Par François Jarraud
On croyait être venu pour découvrir les nouvelles dispositions en faveur de l’apprentissage des langues. Et on s’est retrouvé en pleine campagne électorale. Mardi 7 février, à l’occasion de la remise du rapport du Comité stratégique des langues sur l’enseignement des langues, Luc Chatel a préconisé la globalisation et l’annualisation des services. Deux décisions qui relancent le débat politique sur le métier d’enseignant plus qu’ils n’apportent de solution à l’enseignement des langues.
La globalisation au collège. Pour Luc Chatel, il s’agit de « la possibilité données aux collèges de répartir le temps attribué aux langues selon les langues et les années » de la 6ème à la 3ème. « Il y a des moments où il faut concentrer les apprentissages » explique le ministre, d’autres où c’est moins nécessaire. Le ministre se retranche derrière le rapport du comité présidé par Suzy Halimi. Pour elle c’est une réponse pour un enseignement plus souple qui permettrait par exemple de renforcer l’anglais en 6ème. Luc Chatel annonce que la globalisation sera effective dans un collège sur dix dès la rentrée 2012.

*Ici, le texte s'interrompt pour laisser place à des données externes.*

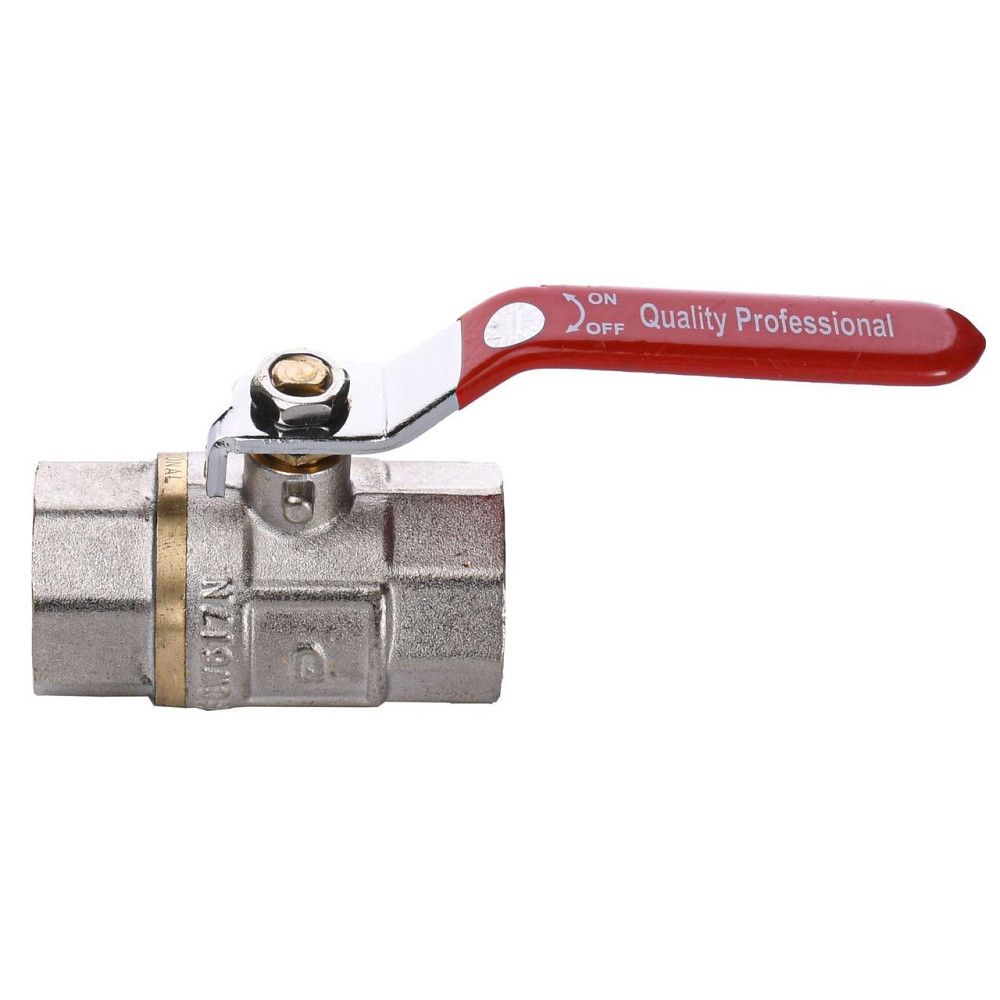 Кран кульовий прямий Q PROFESSIONAL 1″ ВВ КР PN40 QP151 (000010165) Київ - фото 1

L’annualisation. Partant de la recommandation du rapport du Comité en faveur des stages organisés durant les vacances scolaires dans les académies, le ministre souligne la difficulté à trouver des enseignants pour les encadrer. « La seule réponse c’est l’annualisation », affirme-t-il. Mais « derrière l’annualisation il y a la question du statut des enseignants, c’est un sujet très sensible… Il va être abordé dans les semaines qui viennent lors du débat des présidentielles », ajoutant que « l’enseignement des langues est un bon exemple de l’assouplissement qui pourrait intervenir avec un nouveau statut ».

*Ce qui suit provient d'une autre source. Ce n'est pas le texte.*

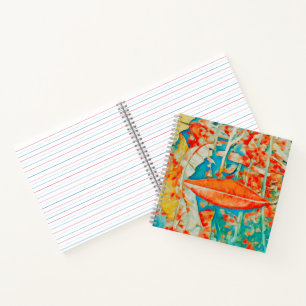 Quadrat-Notebook-Naturdesign Notizbuch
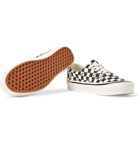 Vans - OG Era LX Checkerboard Canvas Sneakers - White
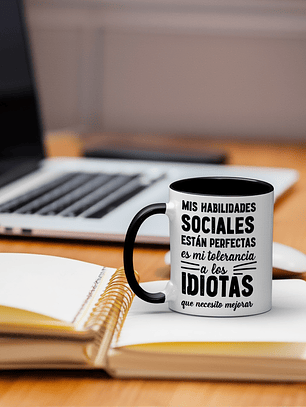 Taza Sarcástica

Ces deux questions sont des sources de conflit pour les enseignants. La globalisation permet certes d’adapter l’enseignement aux besoins des élèves, au risque d’alourdir le temps scolaire. Mais s’agissant de répartir « selon les langues et les années », elle va surtout permettre d’adapter l’enseignement des langues aux ressources humaines octroyées par les rectorats et donc de réduire l’offre de formation. Cette nouvelle liberté de gestion attribuée aux collèges devrait permettre d’économiser des postes. Elle est réclamée depuis des mois par l’enseignement catholique. Il devrait être satisfait.

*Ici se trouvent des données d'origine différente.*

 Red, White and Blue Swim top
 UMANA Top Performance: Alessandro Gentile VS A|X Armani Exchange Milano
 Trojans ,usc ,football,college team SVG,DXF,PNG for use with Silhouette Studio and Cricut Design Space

L’annualisation c’est plus grave. Elle consiste à définir le temps de travail non plus par un horaire hebdomadaire mais par un horaire annuel, 36 fois 18 heures par exemple pour un certifié. De fait cela permet d’augmenter très sensiblement le temps de travail à salaire égal en collège et lycée parce que le temps théorique n’est jamais effectif compte tenu des jours fériés, des examens de fin d’année, etc. En clair les enseignants seraient obligés de travailler davantage pour le même salaire. Le ministère récupèrerait ainsi des dizaines de milliers de postes si la mesure était généralisée. Dans l’enseignement technologique et professionnel, où les élèves sont une partie de l’année en stage les gains seraient très importants. Luc Chatel pousse encore plus loin le raisonnement en annonçant que ces heures de travail pourraient être imposées durant les vacances. L’annualisation nécessite un changement de statut des enseignants. On n’est donc plus là dans la gestion d’une question pédagogique (les langues) mais clairement dans la campagne électorale et c’est bien ainsi que Luc Chatel la présente. « Elle n’est pas à l’ordre du jour de mon ministère, c’est un bon débat pour les jours qui viennent ».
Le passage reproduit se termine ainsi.